> [Required action]
Look through the records below for the line with "Smile 90.4 FM" and the line with "oxtos(オクトス) キャンピングロースターケース 丸型通販格安セール情報 楽天 通販", then return those lines and all lines between, exactly.

------ Provided records ------

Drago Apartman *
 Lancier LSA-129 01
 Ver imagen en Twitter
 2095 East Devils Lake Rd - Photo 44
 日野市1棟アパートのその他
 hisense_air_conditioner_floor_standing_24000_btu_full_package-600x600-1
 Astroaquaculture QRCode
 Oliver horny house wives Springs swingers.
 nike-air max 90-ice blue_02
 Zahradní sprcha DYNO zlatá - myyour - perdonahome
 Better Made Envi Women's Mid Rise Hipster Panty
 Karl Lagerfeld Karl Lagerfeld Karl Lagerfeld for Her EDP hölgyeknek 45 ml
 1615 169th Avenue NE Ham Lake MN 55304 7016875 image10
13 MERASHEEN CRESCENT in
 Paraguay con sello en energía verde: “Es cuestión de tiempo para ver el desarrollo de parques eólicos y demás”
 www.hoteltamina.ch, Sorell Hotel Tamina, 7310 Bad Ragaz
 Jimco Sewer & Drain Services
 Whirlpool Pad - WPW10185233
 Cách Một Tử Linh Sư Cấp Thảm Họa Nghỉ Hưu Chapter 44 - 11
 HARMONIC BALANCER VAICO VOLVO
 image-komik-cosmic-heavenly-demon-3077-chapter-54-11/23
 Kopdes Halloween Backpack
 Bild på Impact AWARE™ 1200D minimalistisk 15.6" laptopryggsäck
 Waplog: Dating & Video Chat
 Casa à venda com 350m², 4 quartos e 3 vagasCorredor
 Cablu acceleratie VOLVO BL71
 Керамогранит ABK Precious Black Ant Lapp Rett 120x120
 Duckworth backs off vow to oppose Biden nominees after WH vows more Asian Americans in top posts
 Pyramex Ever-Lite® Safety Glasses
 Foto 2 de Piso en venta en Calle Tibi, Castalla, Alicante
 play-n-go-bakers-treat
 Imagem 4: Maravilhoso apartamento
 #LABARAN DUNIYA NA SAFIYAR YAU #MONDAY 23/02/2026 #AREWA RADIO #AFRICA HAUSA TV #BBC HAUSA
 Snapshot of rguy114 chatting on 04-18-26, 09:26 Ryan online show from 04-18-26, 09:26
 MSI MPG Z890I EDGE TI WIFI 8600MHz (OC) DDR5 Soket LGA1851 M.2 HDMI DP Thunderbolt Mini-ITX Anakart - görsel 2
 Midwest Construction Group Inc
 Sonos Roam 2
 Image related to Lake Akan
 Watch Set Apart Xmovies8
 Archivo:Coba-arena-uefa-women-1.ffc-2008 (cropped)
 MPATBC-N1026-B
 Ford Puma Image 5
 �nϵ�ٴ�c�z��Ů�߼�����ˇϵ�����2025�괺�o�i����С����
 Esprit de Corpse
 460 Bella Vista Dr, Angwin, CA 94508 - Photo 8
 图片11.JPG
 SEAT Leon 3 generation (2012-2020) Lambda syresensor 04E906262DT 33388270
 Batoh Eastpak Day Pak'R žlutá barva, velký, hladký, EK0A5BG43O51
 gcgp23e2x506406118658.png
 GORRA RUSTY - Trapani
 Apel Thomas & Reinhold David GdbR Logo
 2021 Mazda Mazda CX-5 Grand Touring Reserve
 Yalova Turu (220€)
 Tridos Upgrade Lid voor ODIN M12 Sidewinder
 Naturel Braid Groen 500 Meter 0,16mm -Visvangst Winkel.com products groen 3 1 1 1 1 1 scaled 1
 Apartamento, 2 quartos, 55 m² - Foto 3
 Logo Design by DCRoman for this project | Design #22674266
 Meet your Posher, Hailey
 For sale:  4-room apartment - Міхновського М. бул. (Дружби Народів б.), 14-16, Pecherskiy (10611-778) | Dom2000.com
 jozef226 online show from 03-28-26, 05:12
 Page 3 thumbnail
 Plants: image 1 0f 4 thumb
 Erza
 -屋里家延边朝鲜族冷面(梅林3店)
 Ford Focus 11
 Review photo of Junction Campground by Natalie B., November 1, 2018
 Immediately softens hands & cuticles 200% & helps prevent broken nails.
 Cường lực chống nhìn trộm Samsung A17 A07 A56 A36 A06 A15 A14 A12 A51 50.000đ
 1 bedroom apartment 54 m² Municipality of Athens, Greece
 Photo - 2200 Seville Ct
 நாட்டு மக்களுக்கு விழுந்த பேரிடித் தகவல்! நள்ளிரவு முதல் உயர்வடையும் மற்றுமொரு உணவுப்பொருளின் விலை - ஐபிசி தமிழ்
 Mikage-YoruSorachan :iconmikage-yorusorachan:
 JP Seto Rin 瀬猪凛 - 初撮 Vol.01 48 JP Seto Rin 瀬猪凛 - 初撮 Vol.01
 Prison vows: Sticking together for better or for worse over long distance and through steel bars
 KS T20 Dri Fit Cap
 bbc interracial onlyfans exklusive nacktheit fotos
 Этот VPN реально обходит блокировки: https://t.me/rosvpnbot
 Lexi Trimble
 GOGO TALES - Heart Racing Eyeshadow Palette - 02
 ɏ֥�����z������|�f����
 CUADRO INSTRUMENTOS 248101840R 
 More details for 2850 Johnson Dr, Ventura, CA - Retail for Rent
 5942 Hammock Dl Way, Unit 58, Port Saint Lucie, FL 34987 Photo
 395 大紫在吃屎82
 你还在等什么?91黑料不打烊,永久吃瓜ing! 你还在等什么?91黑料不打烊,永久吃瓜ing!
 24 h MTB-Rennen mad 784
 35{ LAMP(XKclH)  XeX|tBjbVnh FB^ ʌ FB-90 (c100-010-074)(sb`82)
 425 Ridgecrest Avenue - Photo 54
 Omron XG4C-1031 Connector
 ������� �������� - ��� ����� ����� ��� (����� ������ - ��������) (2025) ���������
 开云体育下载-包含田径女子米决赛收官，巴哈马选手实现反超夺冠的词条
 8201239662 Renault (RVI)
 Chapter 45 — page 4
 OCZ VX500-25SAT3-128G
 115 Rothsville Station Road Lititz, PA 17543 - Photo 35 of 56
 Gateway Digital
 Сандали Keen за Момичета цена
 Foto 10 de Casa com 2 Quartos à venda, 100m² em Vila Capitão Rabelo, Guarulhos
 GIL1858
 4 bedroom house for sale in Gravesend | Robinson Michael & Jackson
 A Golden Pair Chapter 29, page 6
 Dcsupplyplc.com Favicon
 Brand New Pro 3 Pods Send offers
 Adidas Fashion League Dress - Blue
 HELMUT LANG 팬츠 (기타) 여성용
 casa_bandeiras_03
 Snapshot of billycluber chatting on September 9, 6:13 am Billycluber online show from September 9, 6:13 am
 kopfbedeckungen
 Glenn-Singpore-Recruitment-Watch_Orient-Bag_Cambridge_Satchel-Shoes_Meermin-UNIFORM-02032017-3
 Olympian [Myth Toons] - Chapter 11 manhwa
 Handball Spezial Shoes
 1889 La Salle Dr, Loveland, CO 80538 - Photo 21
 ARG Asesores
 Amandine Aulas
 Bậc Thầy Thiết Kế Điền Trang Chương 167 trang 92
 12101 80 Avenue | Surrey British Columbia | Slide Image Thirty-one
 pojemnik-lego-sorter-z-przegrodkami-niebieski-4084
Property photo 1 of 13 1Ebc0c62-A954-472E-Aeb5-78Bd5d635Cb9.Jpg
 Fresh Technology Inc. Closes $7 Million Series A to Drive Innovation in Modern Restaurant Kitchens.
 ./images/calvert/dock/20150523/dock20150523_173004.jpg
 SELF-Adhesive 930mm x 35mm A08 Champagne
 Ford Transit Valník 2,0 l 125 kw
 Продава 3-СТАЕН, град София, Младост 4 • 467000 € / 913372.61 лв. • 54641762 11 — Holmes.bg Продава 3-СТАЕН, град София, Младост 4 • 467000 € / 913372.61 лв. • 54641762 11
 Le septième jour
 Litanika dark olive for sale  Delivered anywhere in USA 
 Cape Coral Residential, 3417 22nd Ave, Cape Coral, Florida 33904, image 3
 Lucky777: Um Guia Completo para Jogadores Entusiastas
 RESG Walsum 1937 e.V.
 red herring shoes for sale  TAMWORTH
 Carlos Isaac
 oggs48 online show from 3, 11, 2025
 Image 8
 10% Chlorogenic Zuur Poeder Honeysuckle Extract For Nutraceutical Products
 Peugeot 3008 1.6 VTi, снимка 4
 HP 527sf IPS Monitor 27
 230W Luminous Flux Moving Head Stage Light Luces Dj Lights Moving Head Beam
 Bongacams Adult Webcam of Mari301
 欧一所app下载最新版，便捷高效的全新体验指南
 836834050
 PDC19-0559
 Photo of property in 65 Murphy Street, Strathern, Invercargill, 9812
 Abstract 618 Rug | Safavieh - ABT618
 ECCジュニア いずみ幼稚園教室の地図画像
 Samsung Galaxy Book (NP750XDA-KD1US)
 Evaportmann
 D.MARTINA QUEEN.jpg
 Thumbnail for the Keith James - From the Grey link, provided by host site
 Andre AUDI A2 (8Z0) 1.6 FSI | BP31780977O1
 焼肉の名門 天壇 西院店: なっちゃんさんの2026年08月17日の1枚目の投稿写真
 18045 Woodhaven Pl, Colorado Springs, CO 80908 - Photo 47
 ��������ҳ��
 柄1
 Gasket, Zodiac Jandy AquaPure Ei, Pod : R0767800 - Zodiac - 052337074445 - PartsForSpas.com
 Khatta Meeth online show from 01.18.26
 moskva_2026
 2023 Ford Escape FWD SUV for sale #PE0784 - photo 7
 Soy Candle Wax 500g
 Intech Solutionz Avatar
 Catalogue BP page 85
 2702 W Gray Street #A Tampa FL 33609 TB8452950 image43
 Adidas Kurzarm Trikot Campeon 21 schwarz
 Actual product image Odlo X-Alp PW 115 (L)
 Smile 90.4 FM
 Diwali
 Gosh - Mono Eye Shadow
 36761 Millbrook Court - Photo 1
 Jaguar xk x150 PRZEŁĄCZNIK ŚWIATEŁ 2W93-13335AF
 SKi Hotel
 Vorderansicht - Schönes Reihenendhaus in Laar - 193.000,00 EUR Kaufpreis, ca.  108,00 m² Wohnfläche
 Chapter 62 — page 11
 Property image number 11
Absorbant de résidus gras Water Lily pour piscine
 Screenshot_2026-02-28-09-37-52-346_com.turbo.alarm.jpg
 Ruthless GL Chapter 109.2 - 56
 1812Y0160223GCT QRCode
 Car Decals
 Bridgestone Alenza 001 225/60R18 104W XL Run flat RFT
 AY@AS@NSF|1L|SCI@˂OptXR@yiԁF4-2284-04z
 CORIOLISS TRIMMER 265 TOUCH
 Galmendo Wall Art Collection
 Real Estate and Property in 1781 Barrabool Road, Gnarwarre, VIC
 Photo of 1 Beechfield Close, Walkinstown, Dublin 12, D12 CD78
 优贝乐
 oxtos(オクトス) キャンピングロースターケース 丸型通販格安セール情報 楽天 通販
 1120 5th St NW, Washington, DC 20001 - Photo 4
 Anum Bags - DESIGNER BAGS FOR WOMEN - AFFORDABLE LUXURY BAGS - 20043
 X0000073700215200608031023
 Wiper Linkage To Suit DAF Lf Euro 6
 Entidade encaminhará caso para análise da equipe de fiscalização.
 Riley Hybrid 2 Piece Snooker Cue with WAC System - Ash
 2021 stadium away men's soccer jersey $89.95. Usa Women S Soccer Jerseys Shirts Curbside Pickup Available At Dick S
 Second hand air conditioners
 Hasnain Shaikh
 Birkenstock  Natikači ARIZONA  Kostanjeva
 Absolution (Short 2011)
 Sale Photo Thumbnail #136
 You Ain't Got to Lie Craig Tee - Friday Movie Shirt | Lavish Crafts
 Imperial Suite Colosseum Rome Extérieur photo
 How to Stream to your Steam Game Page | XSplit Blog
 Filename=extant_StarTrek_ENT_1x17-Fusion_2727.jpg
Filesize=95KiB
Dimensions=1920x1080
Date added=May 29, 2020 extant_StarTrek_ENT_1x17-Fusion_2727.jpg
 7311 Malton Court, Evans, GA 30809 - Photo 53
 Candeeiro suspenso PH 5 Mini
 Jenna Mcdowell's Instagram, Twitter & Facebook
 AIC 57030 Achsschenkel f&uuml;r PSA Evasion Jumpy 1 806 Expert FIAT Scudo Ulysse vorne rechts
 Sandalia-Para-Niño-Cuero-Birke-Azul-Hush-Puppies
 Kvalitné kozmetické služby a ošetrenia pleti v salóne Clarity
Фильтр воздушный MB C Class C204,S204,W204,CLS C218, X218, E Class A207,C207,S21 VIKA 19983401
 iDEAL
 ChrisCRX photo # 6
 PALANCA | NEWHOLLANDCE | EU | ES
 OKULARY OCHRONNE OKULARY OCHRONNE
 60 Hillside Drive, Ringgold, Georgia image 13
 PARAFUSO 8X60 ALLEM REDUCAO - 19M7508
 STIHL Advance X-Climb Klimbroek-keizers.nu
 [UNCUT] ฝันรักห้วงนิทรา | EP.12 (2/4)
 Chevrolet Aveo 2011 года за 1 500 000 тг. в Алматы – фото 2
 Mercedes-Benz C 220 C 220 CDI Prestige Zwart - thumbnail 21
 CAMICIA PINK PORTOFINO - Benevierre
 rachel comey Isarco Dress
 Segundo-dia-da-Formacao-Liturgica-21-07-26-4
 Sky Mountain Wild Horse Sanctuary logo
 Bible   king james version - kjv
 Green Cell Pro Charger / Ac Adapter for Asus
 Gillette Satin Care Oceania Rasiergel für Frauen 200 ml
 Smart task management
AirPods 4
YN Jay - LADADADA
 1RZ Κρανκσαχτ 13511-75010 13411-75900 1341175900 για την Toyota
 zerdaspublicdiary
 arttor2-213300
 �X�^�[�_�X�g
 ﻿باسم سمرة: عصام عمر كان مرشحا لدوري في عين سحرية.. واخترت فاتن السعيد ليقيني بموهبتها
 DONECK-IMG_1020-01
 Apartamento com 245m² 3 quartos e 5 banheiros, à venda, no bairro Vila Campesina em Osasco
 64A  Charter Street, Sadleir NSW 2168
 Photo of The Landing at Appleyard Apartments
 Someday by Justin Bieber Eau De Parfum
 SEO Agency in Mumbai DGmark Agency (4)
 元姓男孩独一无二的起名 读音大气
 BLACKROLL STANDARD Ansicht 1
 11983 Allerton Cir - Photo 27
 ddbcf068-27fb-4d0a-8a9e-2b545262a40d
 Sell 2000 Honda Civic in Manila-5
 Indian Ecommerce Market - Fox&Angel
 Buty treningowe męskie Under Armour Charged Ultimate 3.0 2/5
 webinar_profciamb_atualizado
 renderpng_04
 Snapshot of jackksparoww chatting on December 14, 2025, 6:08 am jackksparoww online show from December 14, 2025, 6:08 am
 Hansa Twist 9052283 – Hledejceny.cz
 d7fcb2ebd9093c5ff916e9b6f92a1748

------

> [Answer to this exercise]
 Smile 90.4 FM
 Diwali
 Gosh - Mono Eye Shadow
 36761 Millbrook Court - Photo 1
 Jaguar xk x150 PRZEŁĄCZNIK ŚWIATEŁ 2W93-13335AF
 SKi Hotel
 Vorderansicht - Schönes Reihenendhaus in Laar - 193.000,00 EUR Kaufpreis, ca.  108,00 m² Wohnfläche
 Chapter 62 — page 11
 Property image number 11
Absorbant de résidus gras Water Lily pour piscine
 Screenshot_2026-02-28-09-37-52-346_com.turbo.alarm.jpg
 Ruthless GL Chapter 109.2 - 56
 1812Y0160223GCT QRCode
 Car Decals
 Bridgestone Alenza 001 225/60R18 104W XL Run flat RFT
 AY@AS@NSF|1L|SCI@˂OptXR@yiԁF4-2284-04z
 CORIOLISS TRIMMER 265 TOUCH
 Galmendo Wall Art Collection
 Real Estate and Property in 1781 Barrabool Road, Gnarwarre, VIC
 Photo of 1 Beechfield Close, Walkinstown, Dublin 12, D12 CD78
 优贝乐
 oxtos(オクトス) キャンピングロースターケース 丸型通販格安セール情報 楽天 通販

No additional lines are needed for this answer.